Truly Christian Help
You are in your discipleship group, and someone reveals their recent, painful loss. You respond by expressing empathy and grief. But then what? Buddhists and atheists and Communists express empathy and grief. What next, that would be “Christian”?
Read Titus 1:1-2, and insert “Paul”, with your name, and “an apostle of Jesus Christ” with the less technical - but still applicable - phrase “one sent by Jesus Christ into this moment”:
“Paul, a servant of God and an apostle of Jesus Christ, for the sake of the faith of God’s elect and their knowledge of the truth, which accords with godliness, in hope of eternal life, which God, who never lies, promised before the ages began . . .”
Walk through the passage with me. In suffering, our most valuable commodity is faith. Your job, as a useful friend, is to seek to support and build up the other’s faith. You can “come alongside” with empathy all you want – that’s good. Do it. But it’s insufficient. We endure suffering in godliness and in hope by faith.
Faith from a “knowledge of the truth”. Faith that firmly rests on Jesus’ coming, death, resurrection, ascension, present reign and soon return. Faith that risks one’s life on the belief that God never lies when He makes a promise to His children. We believe that truth because we believe Jesus is the proof - all of God’s promises find their “yes” in him (2 Cor. 1:20).

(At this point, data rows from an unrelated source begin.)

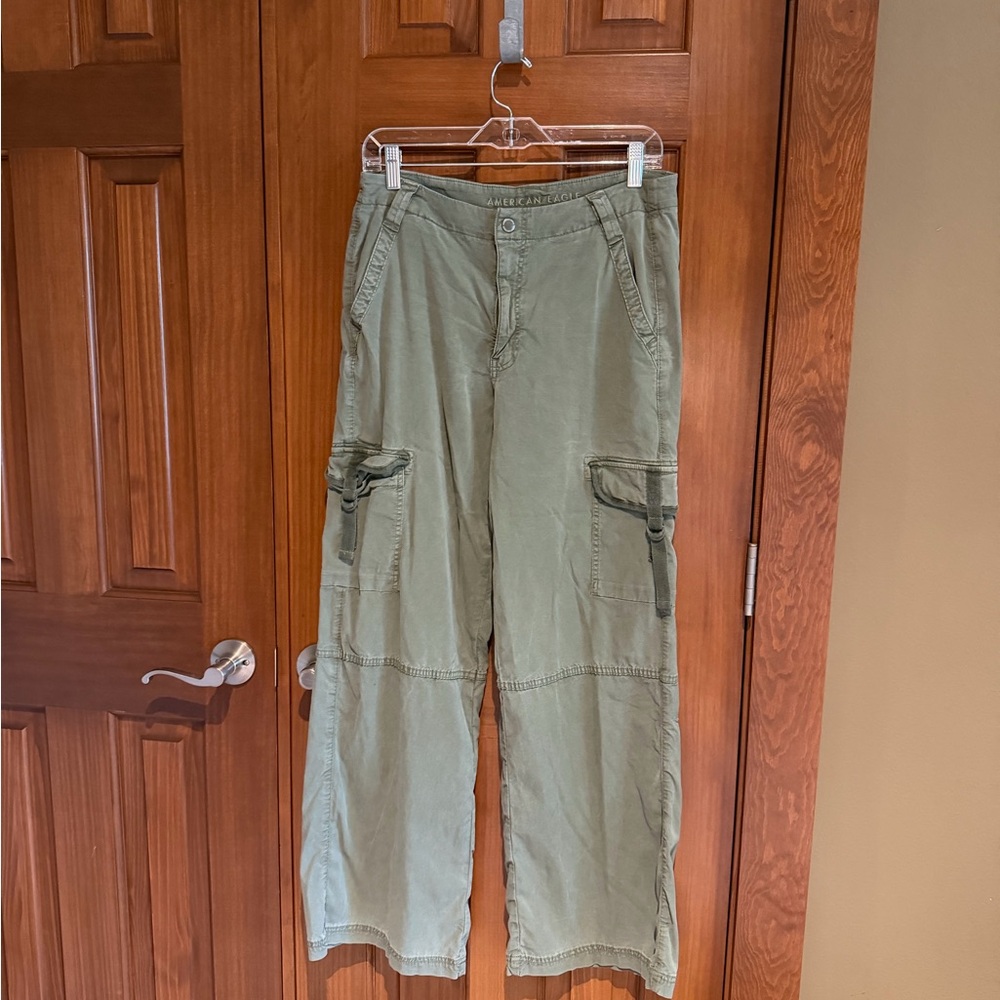 American Eagle Outfitters Olive Green Cargo Women’s Pants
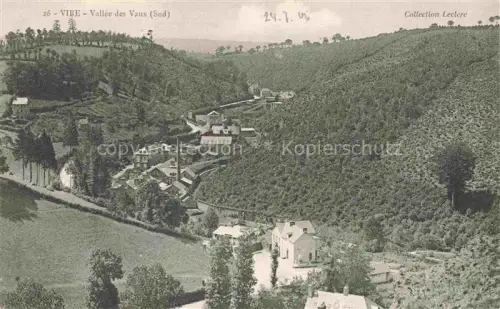 AK / Ansichtskarte VIRE 14 Calvados Vallée-des-Vaux Tal Wald Haeuser Huegel Wiesen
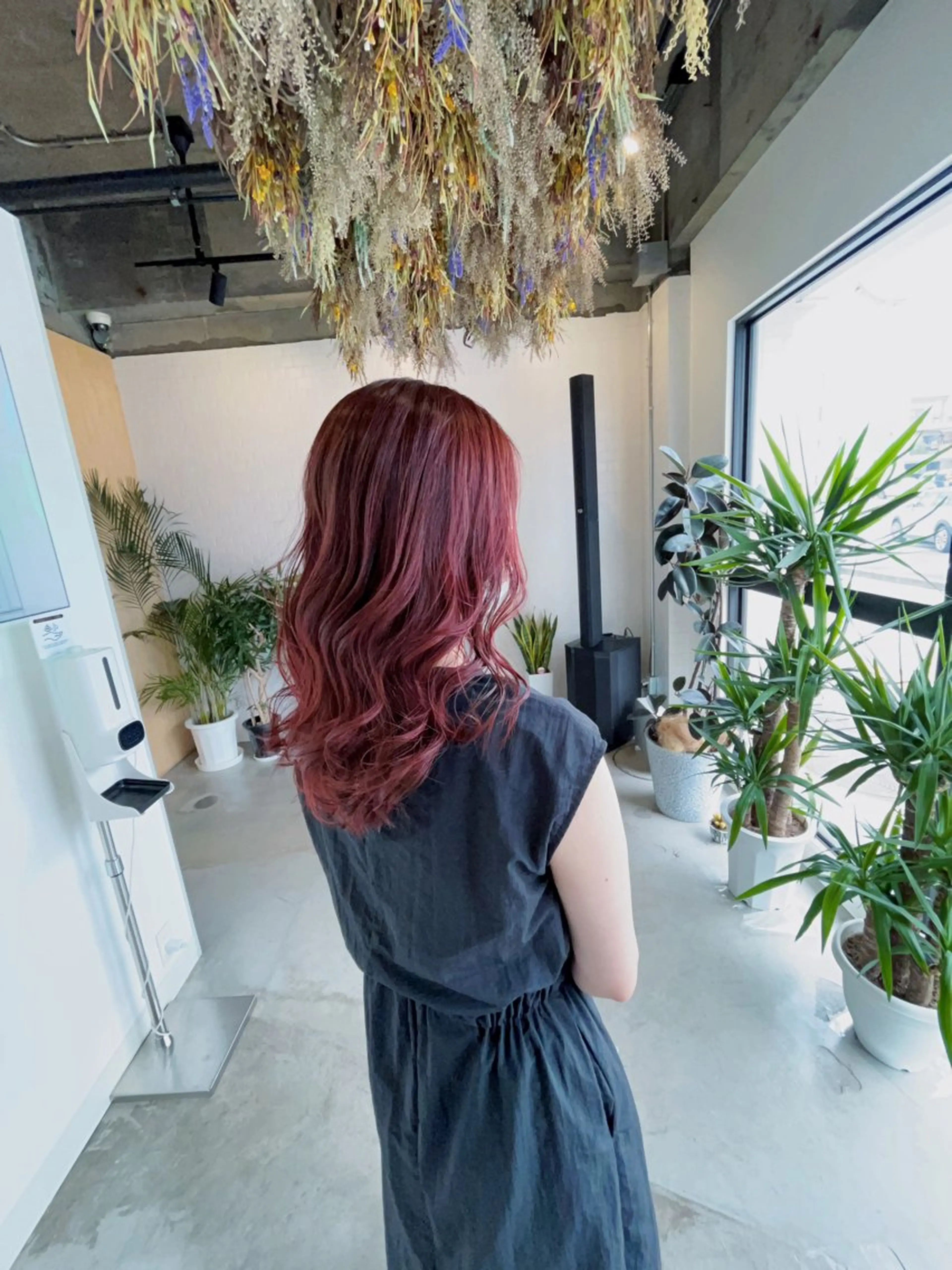セミロング カラー ピンクカラー レッドカラー StarT所属・StarT大分 高橋勇貴のヘアスタイル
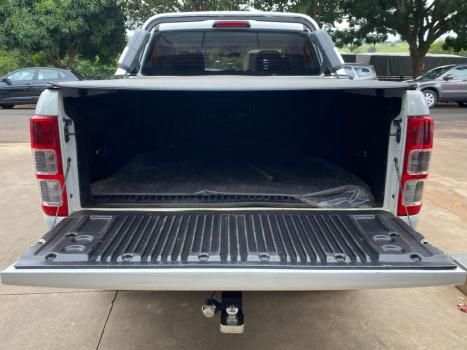TOYOTA Hilux Caminhonete 2.4 4P 4X4 DIESEL CABINE DUPLA, Foto 6
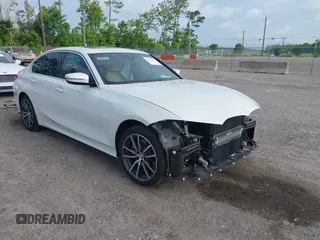 2021 BMW 3 Series 330i z VIN 3MW5R1J06M8B53040, wystawiony jako IAAI lot #42452102 z przebiegiem 27 051 mil mil oraz . Historia ofert i sprzedaży dostępna na DreamBid. Obrazek 1.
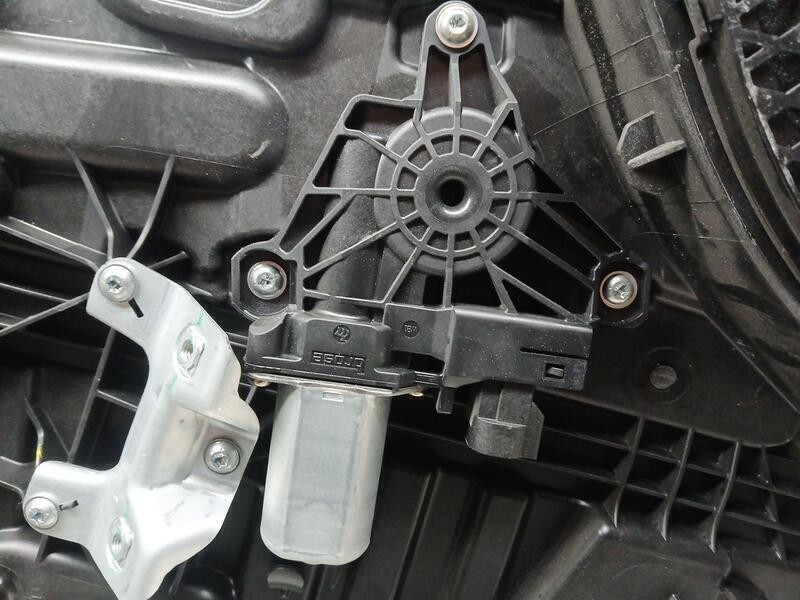 Recambio de elevalunas trasero izquierdo para jeep renegade sport fwd referencia OEM IAM 520651570 ELECTRICA 2 PINS C46791104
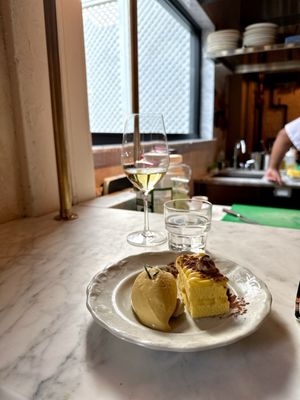 Martine's Wine Bar by null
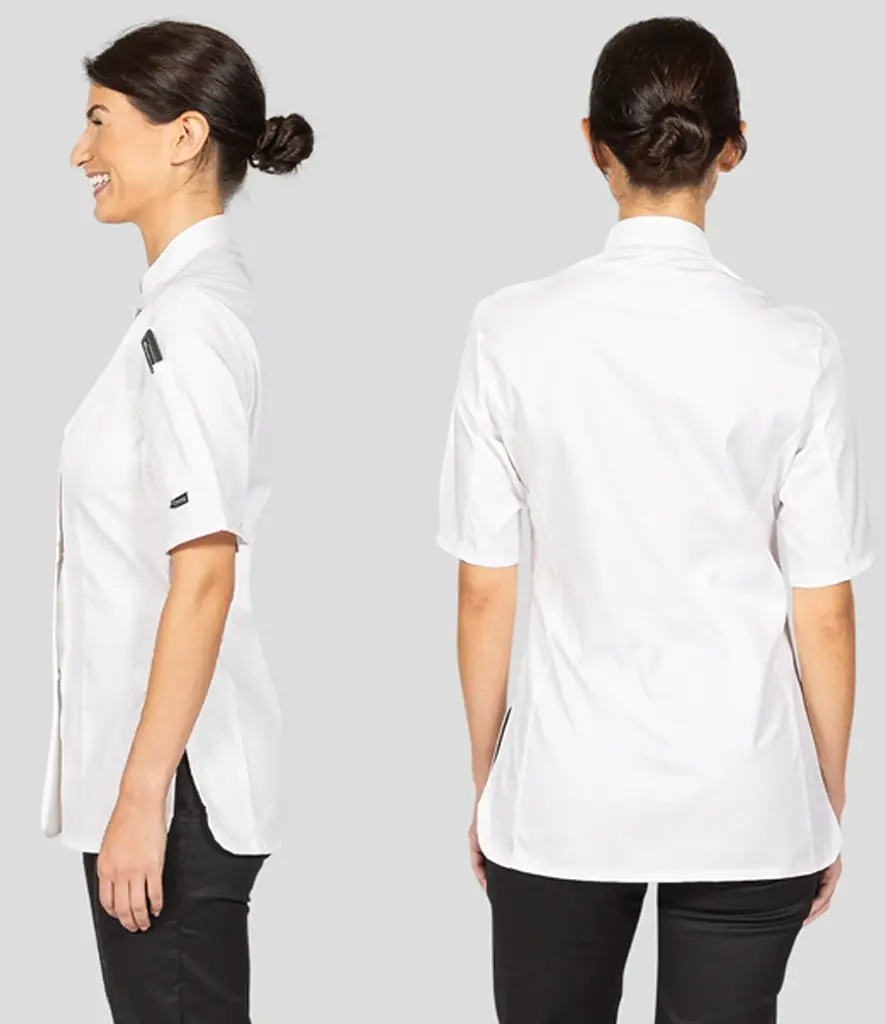 DE006 WHI MODEL 2.webp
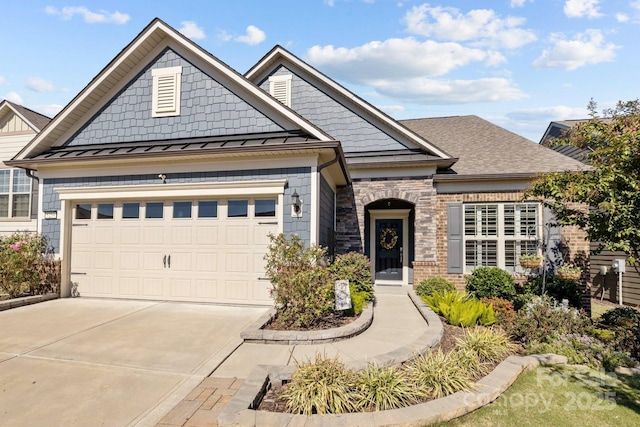 craftsman house featuring a garage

Your being there, in that moment, was no coincidence. You were sent there by Jesus, for a specific purpose: for the faith of those elect ones in that room. You are not there first for you, and not even precisely for the sake of “them” in general, but “for the sake of” their faith. Jesus sent you there so that their faith would not waver but would remain on Him. He is strong enough.
Therefore you consider, for the sake of their faith, the promises of God. Perhaps you’re not quick enough in the moment to recall one, but you go home and rifle the Psalms for promises, coming across Psalm 34:18: “The Lord is near to the brokenhearted . . .” You text that to them, adding “The cross means this is true for you, right now”, and as you send the text you pray: “Father, please let these words build up their faith. Create supernatural hope in You, in them.”
Christian help points to Christ . . . and adds another prayer: “Father, do the same in me.”